9. Sumiço de documentos
Em maio de 2006, a associação de músicos Átida foi expulsa do Ecad por denúncias de irregularidades. Fora do Ecad, a Átida trocou de diretoria. Em agosto de 2006, um novo dirigente, Mário Henrique de Oliveira, assumiu a associação. Interessado em esclarecer as irregularidades que levaram à exclusão, Oliveira comunicou ao Ecad a instauração de um inquérito no 3º Distrito Policial de São Paulo para apurar as denúncias e pediu acesso aos documentos que comprovassem as fraudes. A assembleia-geral do Ecad decidiu que os documentos teriam de ser enviados à Átida. Embora o Ecad afirme que a documentação foi enviada à Atida e ao Ministério da Cultura, Oliveira afirma: “Até hoje os documentos não chegaram. Já refiz o pedido mil vezes”.
10. O caso Dussek
O cantor Eduardo Dussek move uma ação contra o Ecad por causa do tema de abertura da novela As filhas da mãe, da TV Globo, do qual foi autor e cantor. “Fui remunerado infimamente, em valores que não chegam a 10% do que deveria ter recebido”, disse Dussek, por e-mail. Dussek diz que recebeu R$ 3 mil como compositor e nenhum centavo como cantor. “Prefiro não falar sobre valores porque estão sub judice, mas eu deveria ter recebido o valor de um bom apartamento”, diz. Apesar de a música ser tema de uma novela, ela não constava corretamente do catálogo do órgão. “O Ecad ignorou que alguém cantava a música. Não me pagou nada como intérprete”, diz ele.
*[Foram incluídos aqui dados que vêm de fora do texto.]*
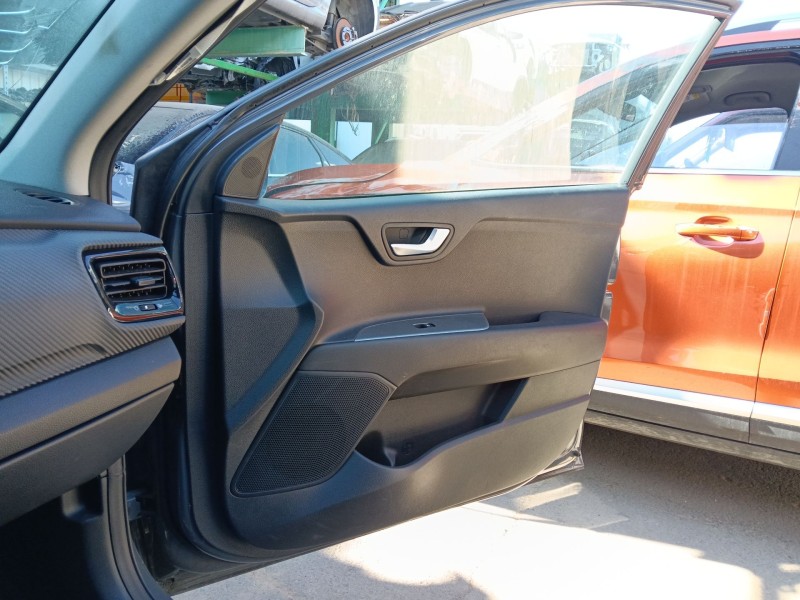 Recambio de guarnecido puerta delantera derecha para kia stonic (yb) 1.0 t-gdi eco-dynamics+ referencia OEM IAM   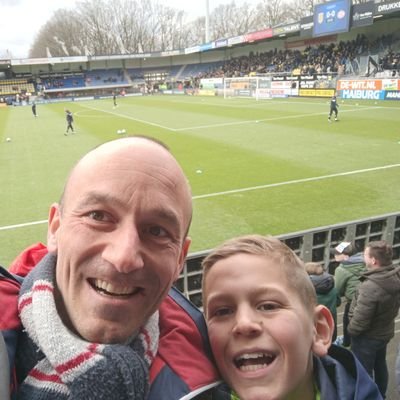 Sportliefhebber, atleet GVAC; PSV, Real Madrid, West Ham United, Borussia Dortmund, Tampa Bay Buccaneers, TB Lightning, Wielrennen, Trance, papa van Tim & Lise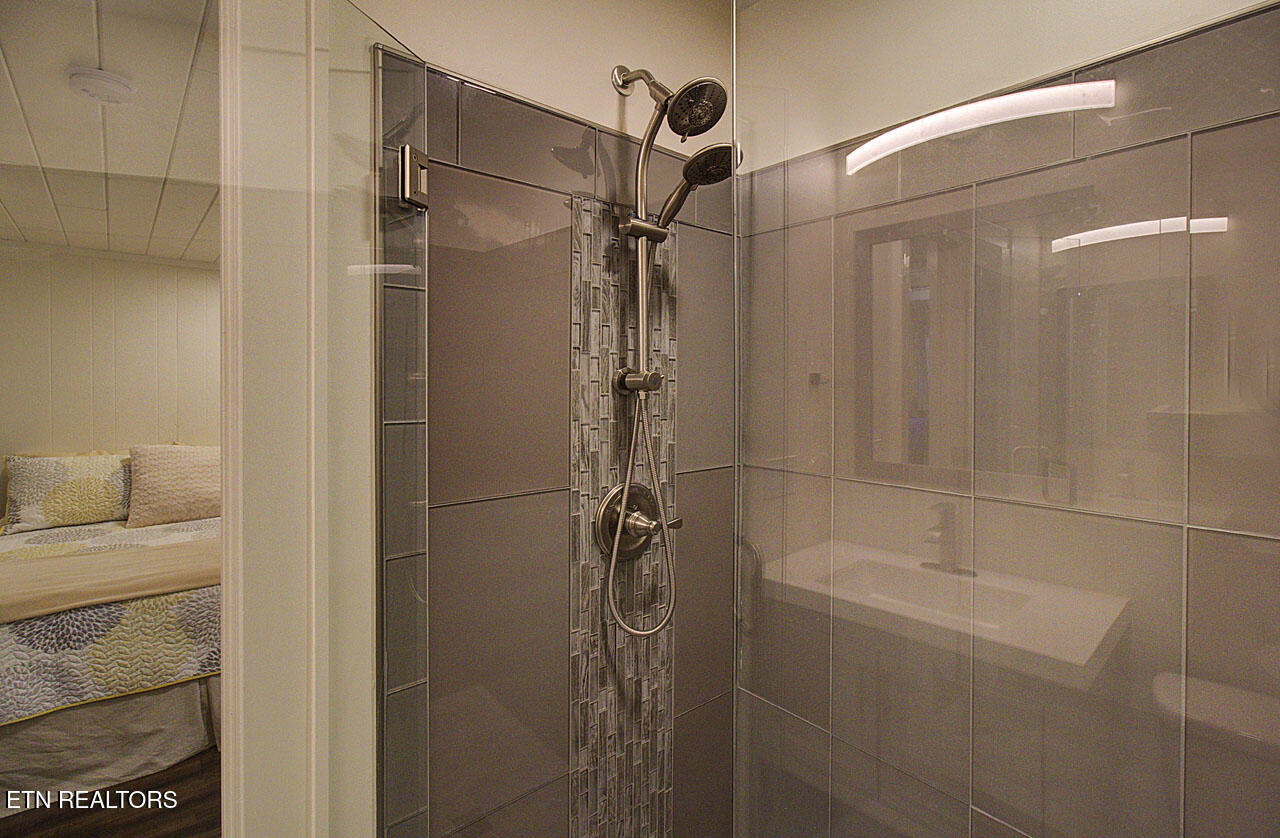 2000 East Millers Cove Road Walland, TN 37886 - Photo 31 of 60 4 ensuite Bedrooms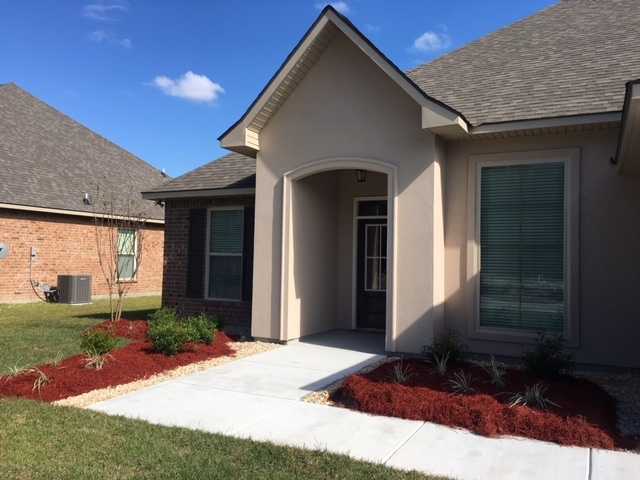 42118 Wood Ave in Ponchatoula, LA - Building Photo - Building Photo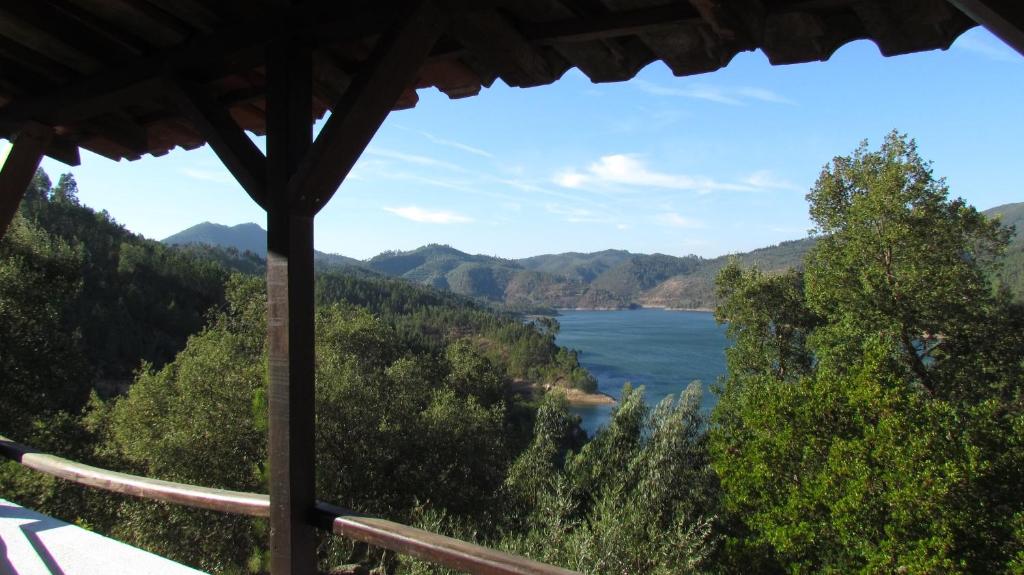 een uitzicht op een meer vanuit een huis bij Chão da Lousa in Dornes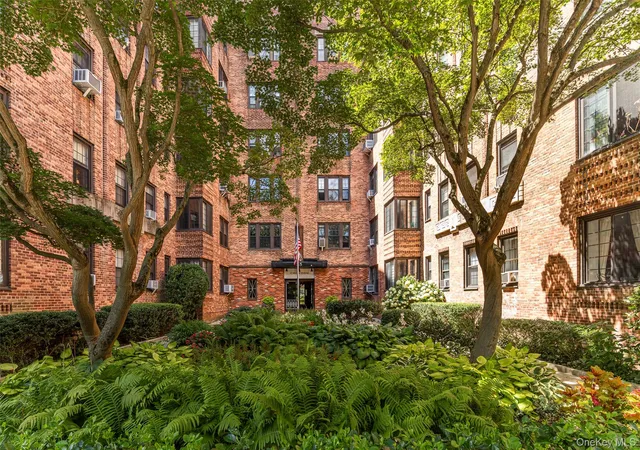 Listing Photo 2 - Condo for sale in building located at 35 Parkview Ave, Yonkers, NY 10701 - Unit #3E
O Ecad diz que Dussek recebeu R$ 9.072,06 pela música. Segundo o órgão, Dussek consta como intérprete no banco de dados desde 2001 e divide os direitos com outros profissionais, como músicos. Embora atribua a responsabilidade pela medição das execuções à emissora de televisão, o próprio órgão também faz esse controle, num escritório no centro do Rio, conforme mostra a foto que abre esta reportagem.